# New to 'prepping'



## Turner (Dec 30, 2010)

Hello everyone! My wife and I have recently made the decision to start prepping, due to the way things are going. Any advice? We are setting up Bug-Out bags and Everyday carry bags for ourselves and our son, we are also looking for a BOL in Nebraska or Kansas, anybody out there? We look forward to learning and getting to know you all

Thank you


----------



## nj_m715 (Oct 31, 2008)

Welcome, just poke around and you'll find tons of info here.


----------



## Jason (Jul 25, 2009)

Turner, you've come to the right place. You've got 2 things going for you already: you've decided you need to do something to prepare for an uncertain future, and you're doing it as a family. Look around and ask lots of questions.


----------



## NavyKen (Feb 14, 2010)

Good for you turner. One thing I will tell you is dont fall for the pre-made food storage kits that have been on the TV and radio lately. you can put back twice the food for the same money doing it your self. And above all do not... I'll say it again NOT go into debt (Ie buy stores on credit) building your stores. If the economy does collapse debt is death.

By the way I sent you a private message.:congrat:


----------



## horseman09 (Mar 2, 2010)

Turner, if you don't mind some more advice -- if you are a chronic TV watcher after dinner, stop.

Instead, turn on your computer and start some serious browsing on this forum. As the others have said, you've come to the right place. Lots of folks here with absolutely invaluable experience and advice. 

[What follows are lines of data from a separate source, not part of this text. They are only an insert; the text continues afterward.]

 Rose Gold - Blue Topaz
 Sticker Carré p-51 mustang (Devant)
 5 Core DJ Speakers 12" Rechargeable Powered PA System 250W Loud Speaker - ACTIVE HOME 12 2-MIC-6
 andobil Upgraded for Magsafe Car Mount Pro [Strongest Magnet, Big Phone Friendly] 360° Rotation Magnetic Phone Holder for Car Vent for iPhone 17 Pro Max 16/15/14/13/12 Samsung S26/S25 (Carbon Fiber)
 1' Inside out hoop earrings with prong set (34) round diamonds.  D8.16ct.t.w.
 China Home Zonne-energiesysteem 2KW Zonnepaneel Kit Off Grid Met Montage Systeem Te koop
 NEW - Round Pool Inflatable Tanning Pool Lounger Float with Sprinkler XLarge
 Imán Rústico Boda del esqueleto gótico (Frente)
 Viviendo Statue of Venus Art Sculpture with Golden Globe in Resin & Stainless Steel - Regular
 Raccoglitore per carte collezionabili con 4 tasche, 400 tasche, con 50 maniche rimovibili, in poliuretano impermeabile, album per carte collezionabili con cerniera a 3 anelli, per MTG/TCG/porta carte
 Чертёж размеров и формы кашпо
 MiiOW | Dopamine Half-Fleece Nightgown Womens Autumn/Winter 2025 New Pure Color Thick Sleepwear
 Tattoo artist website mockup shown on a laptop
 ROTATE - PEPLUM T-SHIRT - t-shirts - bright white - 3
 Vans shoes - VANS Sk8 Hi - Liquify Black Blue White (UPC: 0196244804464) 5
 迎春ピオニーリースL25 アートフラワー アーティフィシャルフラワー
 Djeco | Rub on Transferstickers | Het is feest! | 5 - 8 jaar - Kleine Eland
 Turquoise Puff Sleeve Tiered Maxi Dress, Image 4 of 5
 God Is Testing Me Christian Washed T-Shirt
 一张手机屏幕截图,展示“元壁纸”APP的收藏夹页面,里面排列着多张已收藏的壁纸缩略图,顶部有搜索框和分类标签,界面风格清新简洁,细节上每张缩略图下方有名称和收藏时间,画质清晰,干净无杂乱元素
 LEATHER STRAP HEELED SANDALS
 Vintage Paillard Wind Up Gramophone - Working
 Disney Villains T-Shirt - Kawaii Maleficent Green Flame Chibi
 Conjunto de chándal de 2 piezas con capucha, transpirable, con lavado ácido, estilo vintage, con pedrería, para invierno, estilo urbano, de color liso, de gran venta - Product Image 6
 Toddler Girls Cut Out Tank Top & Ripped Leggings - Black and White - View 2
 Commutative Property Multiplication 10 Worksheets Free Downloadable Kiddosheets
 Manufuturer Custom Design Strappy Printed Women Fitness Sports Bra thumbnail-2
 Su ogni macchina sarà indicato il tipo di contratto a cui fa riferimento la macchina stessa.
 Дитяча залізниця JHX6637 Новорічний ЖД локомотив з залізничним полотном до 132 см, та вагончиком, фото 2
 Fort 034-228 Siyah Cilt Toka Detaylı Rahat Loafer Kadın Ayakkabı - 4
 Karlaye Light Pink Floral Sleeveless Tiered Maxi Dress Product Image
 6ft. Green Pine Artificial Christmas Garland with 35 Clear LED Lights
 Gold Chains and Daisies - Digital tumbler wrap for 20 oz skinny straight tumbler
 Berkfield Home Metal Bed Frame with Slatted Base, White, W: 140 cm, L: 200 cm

Congrats to you and your wife for not being sheeple.


----------



## Tirediron (Jul 12, 2010)

Good to hear that you are plannning for the future, when you can't afford to buy suplies keep looking for information there are a lot of good links and a ton of info on this site. being prepared is a lot more about attitude and knowledge/skills than supplies. :beercheer:


----------



## Ponce (May 3, 2009)

Turner?........remember than being a preper and a survivalist is a way of life and not a hobby.

Getting ready for the past then years and I am still not ready.....

"To be ready is not"... Ponce


----------



## mdprepper (Jan 22, 2010)

:welcome: to the forums!


----------



## Clarice (Aug 19, 2010)

Welcome, please share your knowledge with us. Remember to keep your preps between you and the family. Take it slow and steady. Yard sales, flea markets and thrift stores are a good source of supplies to make your prepping $ go further. It doesn't have to be new just useful.


----------



## vn6869 (May 5, 2010)

:welcome:
Like Ponce said . . . it's a way of life.
Prepping is not just food storage, it's energy alternatives, financial planning, home protection, and all around "awareness" of your environment.
eep:


----------



## popandnan (Dec 22, 2010)

*New prepper*

Hi, my husband and I are new to this, too. We are taking it one day at a time, reading and learning. Good to have you..............


----------



## tsrwivey (Dec 31, 2010)

Congradulations on your decision to get prepared! :congrat: Read, read, read but be sure to use critical thinking while you read. Some of the best info out there is mixed in with over exaggerations, half truths & craziness. Be clear on what your family wants to prepare for & how much time & money you can devote to the cause then stay within those parameters. Best of luck to you!


----------



## carolexan (Dec 28, 2010)

I too want to congratulate you for your decision to become a prepper. Speaking as a long time prepper there is always something to be learned from others. Having all the preps in world will not help you survive without the knowledge to use them. You taken a major step in the right direction...keep up the good work! I'm pulling for you.


----------



## goshengirl (Dec 18, 2010)

By all means, ask questions. It's not only helpful to you, it's helpful to others - I know I get some of my best ideas from the questions other people ask. 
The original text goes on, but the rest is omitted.